Re: Problems with the FSM, heap fillfactor, and temporal locality - Mailing list pgsql-hackers

From Stephen Frost
Subject Re: Problems with the FSM, heap fillfactor, and temporal locality
Date
Msg-id 20200825132148.GC29590@tamriel.snowman.net
Whole thread Raw
In response to Re: Problems with the FSM, heap fillfactor, and temporal locality  (Peter Geoghegan <pg@bowt.ie>)
Responses Re: Problems with the FSM, heap fillfactor, and temporal locality
List pgsql-hackers
Greetings,

* Peter Geoghegan (pg@bowt.ie) wrote:
> On Mon, Aug 24, 2020 at 6:38 AM John Naylor <john.naylor@2ndquadrant.com> wrote:
> > Other ideas?
>
> I've been experimenting with changing the way that we enforce heap
> fill factor with calls to heap_insert() (and even heap_update()) that
> happen to occur at a "natural temporal boundary". This works by
> remembering an XID alongside the target block in the relcache when the
> target block is set.
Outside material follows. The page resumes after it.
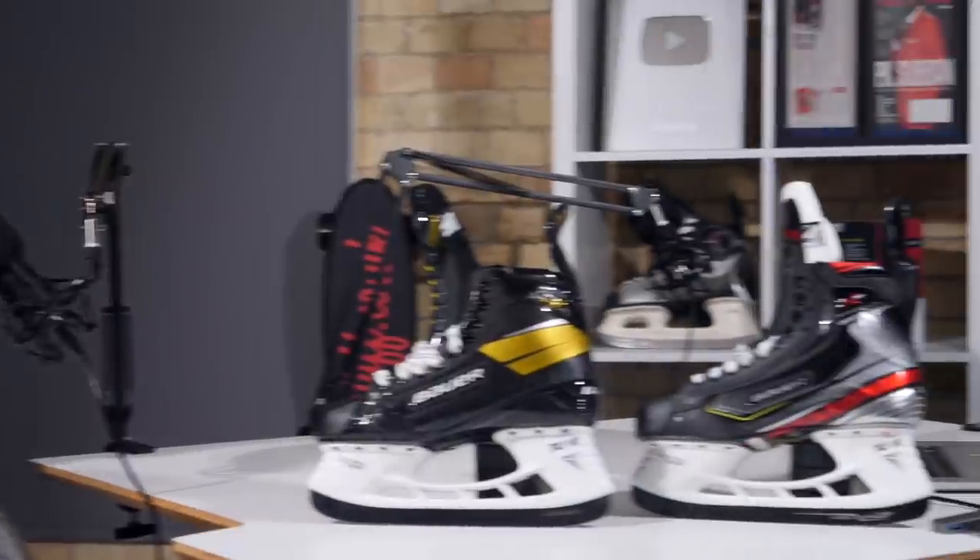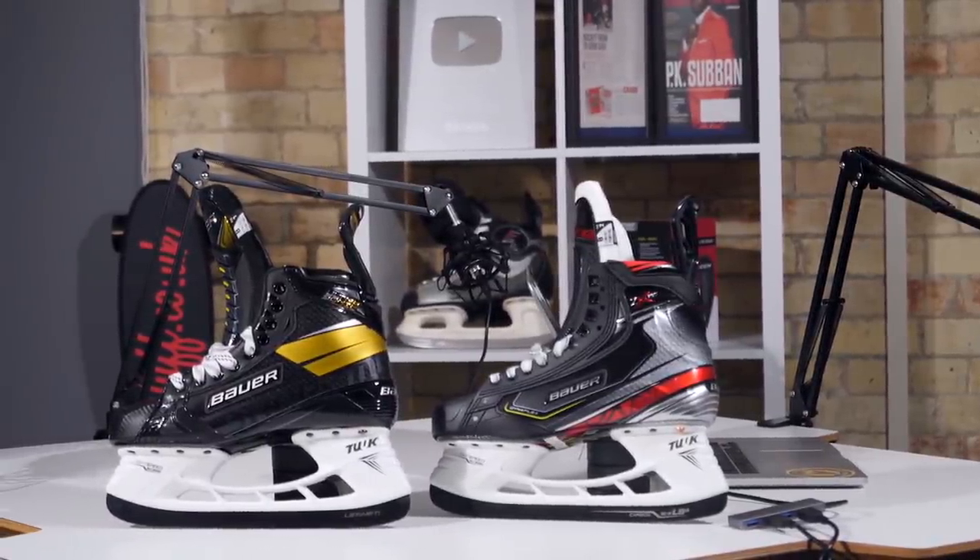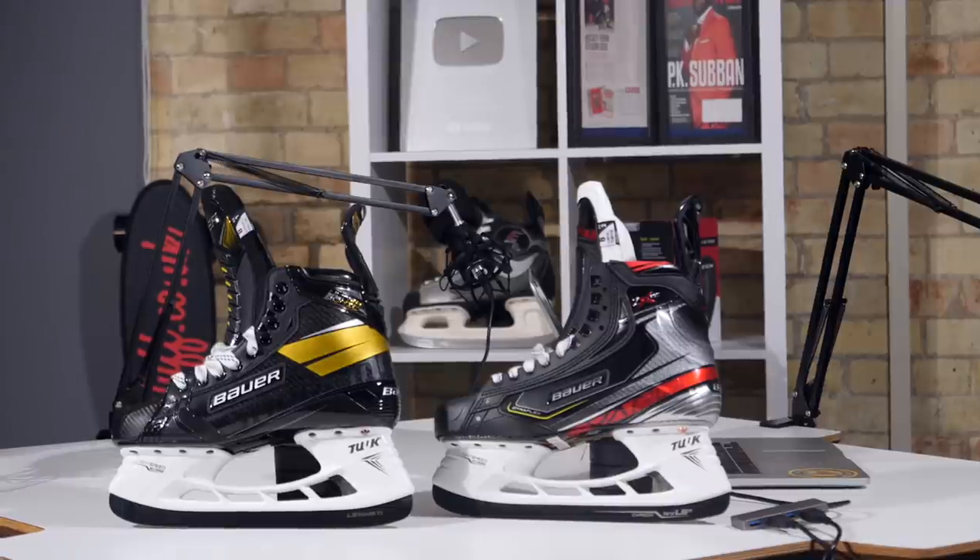What's your first impression of the Ultrasonic skate? You can't really see too much on Instagram, but seeing it in the flesh now - I like certain aspects of it. I think there are certain aspects that most hockey players are going to pick at a little bit, particularly the tendon guard. The boot in general looks like it's leaning forward. My only expectation would be that once you put your foot in and lace it up, you're going to feel like you're slightly more on your toes than in the 2X.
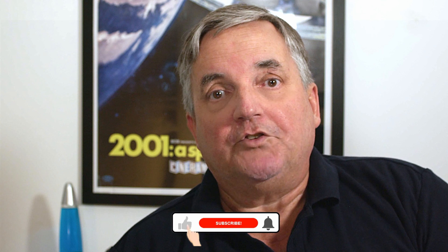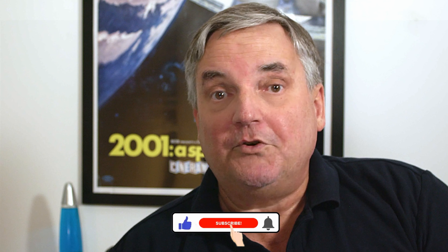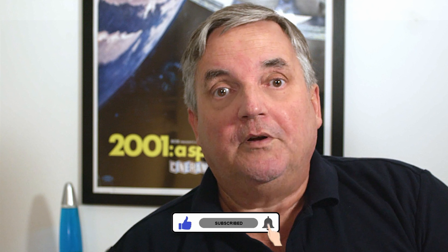Thanks for watching. If you have any specific questions you'd like me to address in upcoming episodes, please leave them in the comments below — I'd be happy to add those into future episodes. Don't forget to give a thumbs up and subscribe so you can find out about all the new videos that are coming up.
When we have an existing target block whose XID
> does not match our backend's current XID (i.e. it's an old XID for the
> backend), then that means we're at one of these boundaries. We require
> that the page has a little more free space before we'll insert on it
> when at a boundary. If we barely have enough space to insert the
> incoming heap tuple, and it's the first of a few tuples the
> transaction will ultimately insert, then we should start early on a
> new page instead of using the last little bit of space (note that the
> "last little bit" of space does not include the space left behind by
> fill factor). The overall effect is that groups of related tuples are
> much less likely to span a heap page boundary unless and until we have
> lots of updates -- though maybe not even then. I think that it's very
> common for transactions to insert a group of 2 - 15 logically related
> tuples into a table at a time.

This all definitely sounds quite interesting and the idea to look at the
XID to see if we're in the same transaction and therefore likely
inserting a related tuple certainly makes some sense.  While I get that
it might not specifically work with TPC-C, I'm wondering about if we
could figure out how to make a multi-tuple INSERT use
heap/table_multi_insert (which seems to only be used by COPY currently,
and internally thanks to the recent work to use it for some catalog
tables) and then consider the size of the entire set of tuples being
INSERT'd when working to find a page, or deciding if we should extend
the relation.

> Roughly speaking, you can think of this as the heapam equivalent of
> the nbtree page split choice logic added by commit fab25024. We ought
> to go to at least a little bit of effort to minimize the number of
> distinct XIDs that are present on each heap page (in the tuple
> headers). We can probably figure out heuristics that result in
> respecting heap fill factor on average, while giving inserts (and even
> non-HOT updates) a little wiggle room when it comes to heap page
> boundaries.

Agreed.

> By applying both of these techniques together (locality/page split
> thing and real atomic ops for fp_next_slot) the prototype patch I'm
> working on mostly restores the system's current ability to reuse space
> (as measured by the final size of relations when everything is done),
> while maintaining most of the performance benefits of not using the
> FSM at all. The code is still pretty rough, though.
>
> I haven't decided how far to pursue this. It's not as if there are
> that many ways to make TPC-C go 5%+ faster left; it's very
> write-heavy, and stresses many different parts of the system all at
> once. I'm sure that anything like my current prototype patch will be
> controversial, though. Maybe it will be acceptable if we only change
> the behavior for people that explicitly set heap fillfactor.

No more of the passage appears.